The methodology of the design for manufacture and assembly (DFMA) reduces costs by using fewer parts, which should be simple and standardized to eliminate adjustments [21,22,23]. Recent papers have studied the application of DFMA in the design of a wide range of products, such as shopping carts [24], food processors [25] and aircrafts [26].

In this article, the outputs of the decision process are discussed in detail. We designed a compact planetary mill made of simple and standardized parts, using DFMA principles, and compared the prototype’s grinding performance to the performance of other types of mill.

2. Materials and Methods

2.1. Design Specifications

To obtain an innovative planetary mill that is viable for a large number of applications, the decision process considered inputs, business, and environmental context. Figure 2 shows the decision process applied to the project under consideration.
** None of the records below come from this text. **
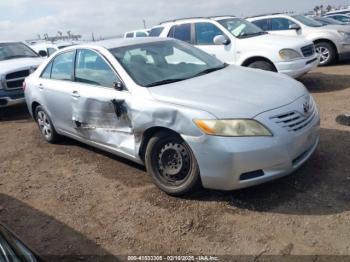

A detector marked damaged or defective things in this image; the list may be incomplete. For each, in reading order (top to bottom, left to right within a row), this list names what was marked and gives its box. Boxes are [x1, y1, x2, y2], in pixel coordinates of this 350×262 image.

damaged car door [71, 48, 135, 157]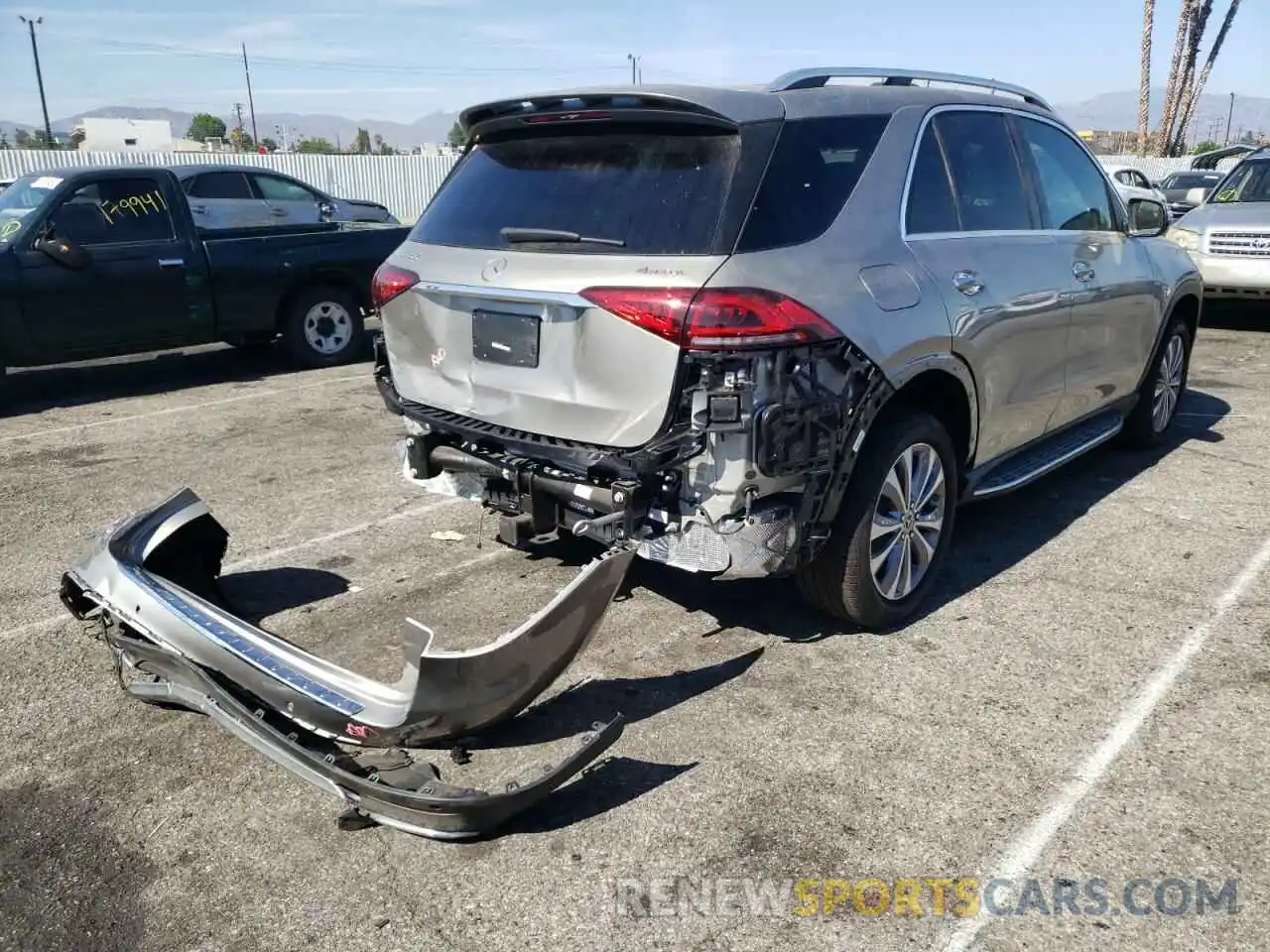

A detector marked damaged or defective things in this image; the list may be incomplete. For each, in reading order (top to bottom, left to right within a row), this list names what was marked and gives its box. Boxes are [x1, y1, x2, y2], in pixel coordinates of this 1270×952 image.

damaged rear end of suv [373, 78, 935, 622]
detached rear bumper cover [61, 492, 635, 842]
exposed rear crash structure [61, 492, 635, 842]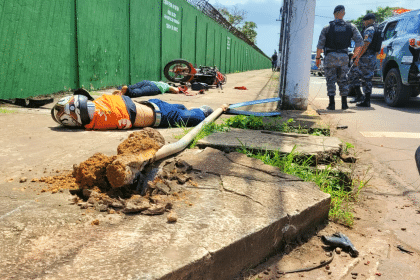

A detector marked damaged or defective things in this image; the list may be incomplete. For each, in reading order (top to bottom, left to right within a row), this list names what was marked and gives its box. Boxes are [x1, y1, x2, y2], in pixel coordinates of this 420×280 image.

broken concrete slab [196, 129, 342, 155]
broken concrete slab [0, 148, 330, 278]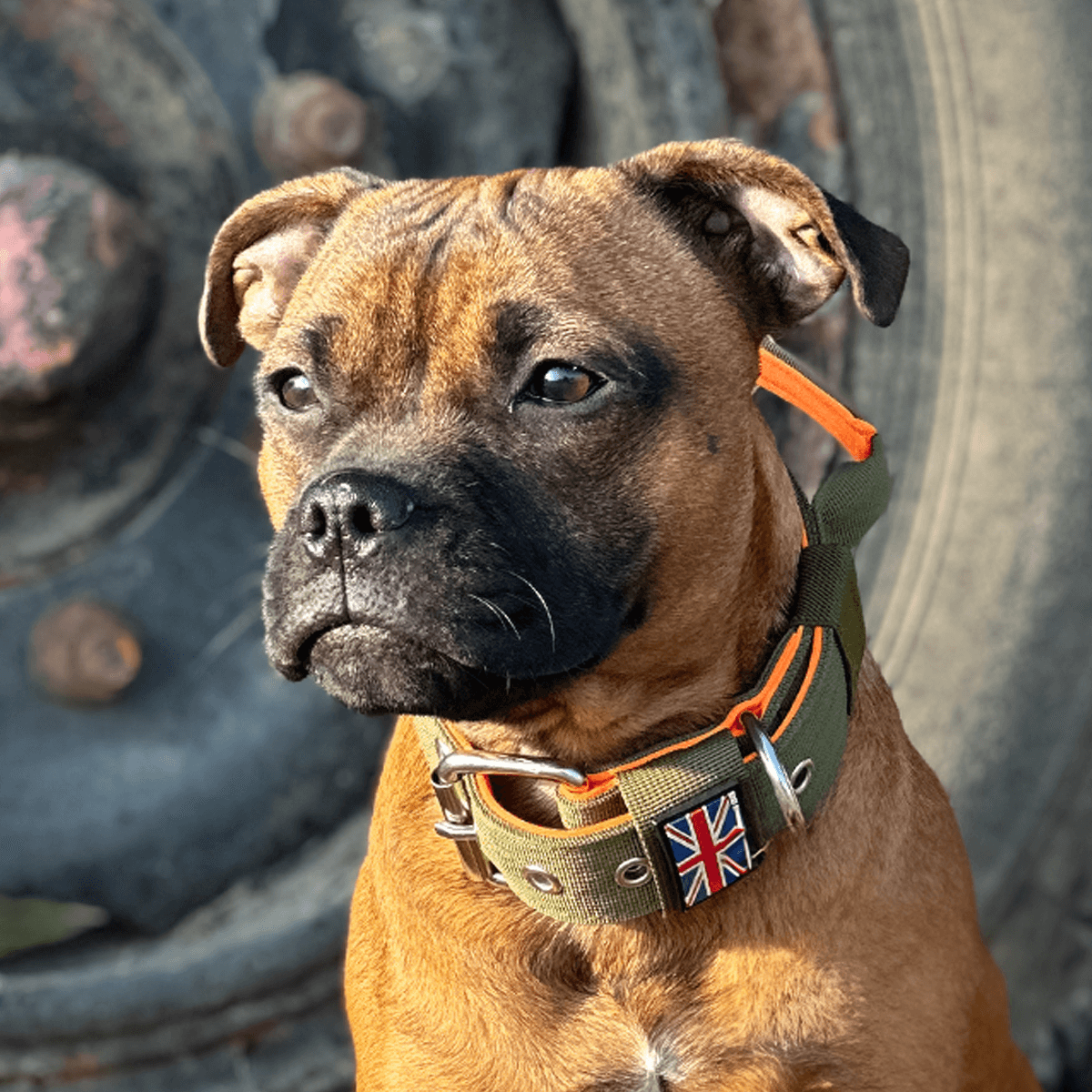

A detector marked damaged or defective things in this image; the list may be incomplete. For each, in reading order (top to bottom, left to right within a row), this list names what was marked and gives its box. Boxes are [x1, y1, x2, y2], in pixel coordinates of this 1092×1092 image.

rusted metal surface [28, 601, 142, 703]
Our implementation is based on a small volume planetary mill in which each pot has a volume of approximately 60 mL (with an inner diameter of 40 mm) and a revolution radius equal to 100 mm, continuing the work that was started and presented in article [27]. Since smaller media lead to smaller particle sizes [7], a media ball diameter of 3 mm was chosen for the tests performed in this article.
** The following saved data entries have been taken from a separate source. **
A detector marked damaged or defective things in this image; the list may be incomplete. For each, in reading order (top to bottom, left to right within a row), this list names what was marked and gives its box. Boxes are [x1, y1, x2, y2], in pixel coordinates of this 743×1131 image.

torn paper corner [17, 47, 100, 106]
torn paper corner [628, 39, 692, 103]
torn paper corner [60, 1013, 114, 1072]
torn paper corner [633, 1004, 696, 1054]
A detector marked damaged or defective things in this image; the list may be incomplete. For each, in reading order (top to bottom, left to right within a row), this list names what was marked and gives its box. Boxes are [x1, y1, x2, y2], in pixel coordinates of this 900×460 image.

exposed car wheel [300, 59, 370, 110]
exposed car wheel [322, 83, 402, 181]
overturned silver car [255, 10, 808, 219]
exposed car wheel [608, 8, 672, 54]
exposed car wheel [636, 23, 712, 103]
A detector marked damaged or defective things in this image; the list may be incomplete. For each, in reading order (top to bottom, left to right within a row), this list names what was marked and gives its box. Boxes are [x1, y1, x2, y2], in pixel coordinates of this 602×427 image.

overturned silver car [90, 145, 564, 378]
The rotation of the pot in the opposite direction to the revolution is more effective in fine grinding materials, mechanochemical activation, and mechanical alloying, due to the larger impact energy of the balls during milling. An optimal rotation-to-revolution speed ratio, $Sr$, can be calculated by Equation (1) [2]:

$$Sr=\sqrt{\frac{2R}{Dp-Db}-1}$$

(1)

where R denotes the revolution radius, $Dp$ is the inner diameter of the pot, and $Db$ denotes the media ball diameter.

The optimal rotation-to-revolution speed ratio applied to the project parameters was calculated from Equation (1) (Sr = 2.09). Therefore, aiming for an effective grinding, we selected the transmission ratio of 2 with rotation and revolution in opposite directions.

Among the motion transmission of the existing equipment presented in the previous section friction wheels can provide the most economical and compact system due to their simple components. They can be produced by traditional manufacturing processes, such as turning and milling, and consequently, they fit the technology level of midsize companies and their need for inexpensive machines. However, the machines in the state of art that uses friction wheels present rotation and revolution in the same direction. Designing a piece of equipment using friction wheels that provides effective grinding, with rotation and revolution in opposite directions, is a major challenge.

2.2. Experimental Validation Procedure

To evaluate performance, calcined alumina powder (considered a hard material reference) was ground in different mills: the prototype built discussed in this work, a vibratory mill [28] and an attritor (Szegvari Attritor System01 STD, Union Process). The material used was a commercially pure (99.7%) Al₂O₃ powder (APC-G, ALCOA) with a median particle size equal to 4.2 microns.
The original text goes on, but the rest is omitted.